Start of ENTRIES SHOWN

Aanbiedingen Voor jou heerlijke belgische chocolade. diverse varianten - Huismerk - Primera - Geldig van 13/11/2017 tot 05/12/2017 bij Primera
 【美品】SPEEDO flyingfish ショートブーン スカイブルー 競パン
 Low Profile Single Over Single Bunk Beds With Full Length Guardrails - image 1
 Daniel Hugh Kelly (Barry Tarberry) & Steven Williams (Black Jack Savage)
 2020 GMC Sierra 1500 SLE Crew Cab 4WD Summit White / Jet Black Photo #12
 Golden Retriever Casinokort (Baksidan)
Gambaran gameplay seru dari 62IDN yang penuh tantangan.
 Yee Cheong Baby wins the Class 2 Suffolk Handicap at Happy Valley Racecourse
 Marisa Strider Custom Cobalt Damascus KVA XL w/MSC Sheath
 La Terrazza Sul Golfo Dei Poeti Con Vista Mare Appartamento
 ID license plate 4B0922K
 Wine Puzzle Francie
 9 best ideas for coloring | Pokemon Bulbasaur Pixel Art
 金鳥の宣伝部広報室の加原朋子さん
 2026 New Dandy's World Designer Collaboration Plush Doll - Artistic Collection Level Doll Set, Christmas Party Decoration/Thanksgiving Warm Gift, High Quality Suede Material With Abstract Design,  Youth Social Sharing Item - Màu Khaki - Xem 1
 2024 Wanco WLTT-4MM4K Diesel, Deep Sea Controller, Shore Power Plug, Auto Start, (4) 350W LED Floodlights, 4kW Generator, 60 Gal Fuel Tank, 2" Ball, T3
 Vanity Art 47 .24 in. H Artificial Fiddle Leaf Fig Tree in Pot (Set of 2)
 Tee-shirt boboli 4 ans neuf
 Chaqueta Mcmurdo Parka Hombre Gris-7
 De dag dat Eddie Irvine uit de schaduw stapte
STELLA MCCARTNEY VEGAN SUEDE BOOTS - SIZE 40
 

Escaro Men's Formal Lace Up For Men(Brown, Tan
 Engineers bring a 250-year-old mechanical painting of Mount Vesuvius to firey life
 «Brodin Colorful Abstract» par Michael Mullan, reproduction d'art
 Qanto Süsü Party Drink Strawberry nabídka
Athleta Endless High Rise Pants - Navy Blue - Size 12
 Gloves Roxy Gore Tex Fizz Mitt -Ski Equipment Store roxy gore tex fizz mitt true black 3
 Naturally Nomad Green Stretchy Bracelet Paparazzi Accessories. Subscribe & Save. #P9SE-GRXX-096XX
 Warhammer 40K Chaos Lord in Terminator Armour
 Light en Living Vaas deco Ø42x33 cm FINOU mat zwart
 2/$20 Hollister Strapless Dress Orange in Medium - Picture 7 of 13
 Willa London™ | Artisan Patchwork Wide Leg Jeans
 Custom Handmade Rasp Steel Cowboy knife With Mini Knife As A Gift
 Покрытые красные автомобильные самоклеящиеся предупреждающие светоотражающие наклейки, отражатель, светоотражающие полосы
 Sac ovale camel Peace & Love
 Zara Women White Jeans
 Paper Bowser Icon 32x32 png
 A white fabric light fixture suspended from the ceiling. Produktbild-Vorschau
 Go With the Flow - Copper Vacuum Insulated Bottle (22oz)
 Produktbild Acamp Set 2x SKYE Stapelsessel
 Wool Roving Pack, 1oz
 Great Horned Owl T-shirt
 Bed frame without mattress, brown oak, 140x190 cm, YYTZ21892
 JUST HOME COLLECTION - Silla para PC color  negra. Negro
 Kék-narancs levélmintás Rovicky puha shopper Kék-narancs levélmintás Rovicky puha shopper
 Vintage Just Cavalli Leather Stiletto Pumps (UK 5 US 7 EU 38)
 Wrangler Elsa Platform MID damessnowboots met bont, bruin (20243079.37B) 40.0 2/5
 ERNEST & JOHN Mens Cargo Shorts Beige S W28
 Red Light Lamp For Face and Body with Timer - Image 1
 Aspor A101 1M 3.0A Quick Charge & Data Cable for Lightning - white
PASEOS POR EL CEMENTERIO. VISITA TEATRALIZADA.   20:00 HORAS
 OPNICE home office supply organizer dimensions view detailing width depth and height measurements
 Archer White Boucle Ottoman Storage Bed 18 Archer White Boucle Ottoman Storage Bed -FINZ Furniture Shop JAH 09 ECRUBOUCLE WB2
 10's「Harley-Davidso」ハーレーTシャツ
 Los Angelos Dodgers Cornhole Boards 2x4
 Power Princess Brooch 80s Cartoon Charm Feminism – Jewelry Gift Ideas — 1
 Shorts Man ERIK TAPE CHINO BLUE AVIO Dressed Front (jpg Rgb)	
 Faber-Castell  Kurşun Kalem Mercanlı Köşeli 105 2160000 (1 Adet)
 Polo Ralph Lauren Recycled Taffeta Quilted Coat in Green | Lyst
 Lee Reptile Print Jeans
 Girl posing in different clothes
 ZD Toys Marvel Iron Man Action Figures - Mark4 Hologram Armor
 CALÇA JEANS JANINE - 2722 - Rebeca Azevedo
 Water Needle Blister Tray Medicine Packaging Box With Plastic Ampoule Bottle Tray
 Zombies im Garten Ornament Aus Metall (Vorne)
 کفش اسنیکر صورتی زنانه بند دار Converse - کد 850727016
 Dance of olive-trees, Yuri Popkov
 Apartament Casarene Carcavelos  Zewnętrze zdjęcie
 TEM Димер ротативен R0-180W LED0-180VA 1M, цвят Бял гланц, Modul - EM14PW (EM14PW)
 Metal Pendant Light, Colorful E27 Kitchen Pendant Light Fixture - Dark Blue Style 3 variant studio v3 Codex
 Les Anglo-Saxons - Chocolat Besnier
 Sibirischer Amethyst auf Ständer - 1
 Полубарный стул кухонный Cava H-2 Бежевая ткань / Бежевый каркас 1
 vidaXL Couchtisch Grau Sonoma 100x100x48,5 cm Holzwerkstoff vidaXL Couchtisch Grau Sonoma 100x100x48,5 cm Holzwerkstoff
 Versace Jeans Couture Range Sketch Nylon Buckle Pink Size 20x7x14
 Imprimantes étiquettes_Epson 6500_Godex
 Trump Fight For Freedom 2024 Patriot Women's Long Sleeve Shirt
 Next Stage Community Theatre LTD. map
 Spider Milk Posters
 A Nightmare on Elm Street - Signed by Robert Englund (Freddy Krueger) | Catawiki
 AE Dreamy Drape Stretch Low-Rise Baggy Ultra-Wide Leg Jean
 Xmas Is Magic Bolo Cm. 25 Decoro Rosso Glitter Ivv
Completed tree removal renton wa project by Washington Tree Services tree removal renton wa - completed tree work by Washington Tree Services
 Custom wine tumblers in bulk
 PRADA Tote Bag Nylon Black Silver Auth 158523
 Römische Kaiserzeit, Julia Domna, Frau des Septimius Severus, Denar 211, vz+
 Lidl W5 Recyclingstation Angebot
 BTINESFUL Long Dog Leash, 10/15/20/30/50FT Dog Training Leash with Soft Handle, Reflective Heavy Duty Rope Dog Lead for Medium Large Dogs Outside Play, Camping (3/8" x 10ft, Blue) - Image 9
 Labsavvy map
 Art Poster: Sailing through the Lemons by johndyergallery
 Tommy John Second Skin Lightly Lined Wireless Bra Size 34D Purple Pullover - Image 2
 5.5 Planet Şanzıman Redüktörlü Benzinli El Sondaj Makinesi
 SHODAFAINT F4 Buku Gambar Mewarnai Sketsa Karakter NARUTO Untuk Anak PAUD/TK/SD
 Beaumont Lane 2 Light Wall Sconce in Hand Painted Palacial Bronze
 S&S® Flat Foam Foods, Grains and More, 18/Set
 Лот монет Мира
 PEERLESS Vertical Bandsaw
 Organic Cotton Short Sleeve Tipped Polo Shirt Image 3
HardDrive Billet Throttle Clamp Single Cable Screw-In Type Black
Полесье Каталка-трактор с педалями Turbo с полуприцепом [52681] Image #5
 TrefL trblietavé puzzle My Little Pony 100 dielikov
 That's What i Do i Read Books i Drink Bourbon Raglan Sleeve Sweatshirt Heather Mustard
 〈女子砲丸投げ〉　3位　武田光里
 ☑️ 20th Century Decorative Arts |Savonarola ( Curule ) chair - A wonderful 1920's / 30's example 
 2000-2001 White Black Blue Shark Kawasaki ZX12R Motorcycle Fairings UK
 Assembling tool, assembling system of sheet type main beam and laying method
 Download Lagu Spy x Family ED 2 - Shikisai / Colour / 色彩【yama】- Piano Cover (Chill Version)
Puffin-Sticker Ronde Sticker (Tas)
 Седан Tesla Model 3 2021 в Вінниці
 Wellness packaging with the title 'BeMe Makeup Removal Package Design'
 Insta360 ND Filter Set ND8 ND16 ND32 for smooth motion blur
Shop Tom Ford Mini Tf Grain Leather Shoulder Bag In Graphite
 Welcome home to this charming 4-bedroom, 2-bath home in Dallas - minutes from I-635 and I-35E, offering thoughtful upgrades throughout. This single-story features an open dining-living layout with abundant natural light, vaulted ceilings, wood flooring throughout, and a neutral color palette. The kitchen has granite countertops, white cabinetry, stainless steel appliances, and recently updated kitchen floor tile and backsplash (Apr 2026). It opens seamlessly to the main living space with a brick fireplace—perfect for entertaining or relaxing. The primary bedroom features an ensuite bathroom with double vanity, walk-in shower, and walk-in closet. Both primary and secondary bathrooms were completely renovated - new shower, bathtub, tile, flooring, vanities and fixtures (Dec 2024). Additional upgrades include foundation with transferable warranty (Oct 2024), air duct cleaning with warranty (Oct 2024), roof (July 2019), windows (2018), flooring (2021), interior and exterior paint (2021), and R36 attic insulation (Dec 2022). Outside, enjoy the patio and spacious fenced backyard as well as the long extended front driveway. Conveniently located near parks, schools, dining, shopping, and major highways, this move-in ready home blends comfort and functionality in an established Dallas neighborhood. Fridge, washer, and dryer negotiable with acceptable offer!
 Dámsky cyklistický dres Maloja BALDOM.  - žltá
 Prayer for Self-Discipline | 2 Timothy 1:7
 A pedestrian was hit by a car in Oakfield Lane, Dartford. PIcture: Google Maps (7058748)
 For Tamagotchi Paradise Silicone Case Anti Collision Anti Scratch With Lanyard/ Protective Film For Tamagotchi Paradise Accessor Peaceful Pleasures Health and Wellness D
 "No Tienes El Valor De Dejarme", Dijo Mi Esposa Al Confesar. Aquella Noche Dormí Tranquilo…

End of ENTRIES SHOWN

TASK REQUIREMENTS:
What do the lines above say from the one containing "2/$20 Hollister Strapless" down to the one containing "Apartament Casarene Carcavelos"? Return them exactly, both end lines included, and only them.

OUTPUT BELOW:
 2/$20 Hollister Strapless Dress Orange in Medium - Picture 7 of 13
 Willa London™ | Artisan Patchwork Wide Leg Jeans
 Custom Handmade Rasp Steel Cowboy knife With Mini Knife As A Gift
 Покрытые красные автомобильные самоклеящиеся предупреждающие светоотражающие наклейки, отражатель, светоотражающие полосы
 Sac ovale camel Peace & Love
 Zara Women White Jeans
 Paper Bowser Icon 32x32 png
 A white fabric light fixture suspended from the ceiling. Produktbild-Vorschau
 Go With the Flow - Copper Vacuum Insulated Bottle (22oz)
 Produktbild Acamp Set 2x SKYE Stapelsessel
 Wool Roving Pack, 1oz
 Great Horned Owl T-shirt
 Bed frame without mattress, brown oak, 140x190 cm, YYTZ21892
 JUST HOME COLLECTION - Silla para PC color  negra. Negro
 Kék-narancs levélmintás Rovicky puha shopper Kék-narancs levélmintás Rovicky puha shopper
 Vintage Just Cavalli Leather Stiletto Pumps (UK 5 US 7 EU 38)
 Wrangler Elsa Platform MID damessnowboots met bont, bruin (20243079.37B) 40.0 2/5
 ERNEST & JOHN Mens Cargo Shorts Beige S W28
 Red Light Lamp For Face and Body with Timer - Image 1
 Aspor A101 1M 3.0A Quick Charge & Data Cable for Lightning - white
PASEOS POR EL CEMENTERIO. VISITA TEATRALIZADA.   20:00 HORAS
 OPNICE home office supply organizer dimensions view detailing width depth and height measurements
 Archer White Boucle Ottoman Storage Bed 18 Archer White Boucle Ottoman Storage Bed -FINZ Furniture Shop JAH 09 ECRUBOUCLE WB2
 10's「Harley-Davidso」ハーレーTシャツ
 Los Angelos Dodgers Cornhole Boards 2x4
 Power Princess Brooch 80s Cartoon Charm Feminism – Jewelry Gift Ideas — 1
 Shorts Man ERIK TAPE CHINO BLUE AVIO Dressed Front (jpg Rgb)	
 Faber-Castell  Kurşun Kalem Mercanlı Köşeli 105 2160000 (1 Adet)
 Polo Ralph Lauren Recycled Taffeta Quilted Coat in Green | Lyst
 Lee Reptile Print Jeans
 Girl posing in different clothes
 ZD Toys Marvel Iron Man Action Figures - Mark4 Hologram Armor
 CALÇA JEANS JANINE - 2722 - Rebeca Azevedo
 Water Needle Blister Tray Medicine Packaging Box With Plastic Ampoule Bottle Tray
 Zombies im Garten Ornament Aus Metall (Vorne)
 کفش اسنیکر صورتی زنانه بند دار Converse - کد 850727016
 Dance of olive-trees, Yuri Popkov
 Apartament Casarene Carcavelos  Zewnętrze zdjęcie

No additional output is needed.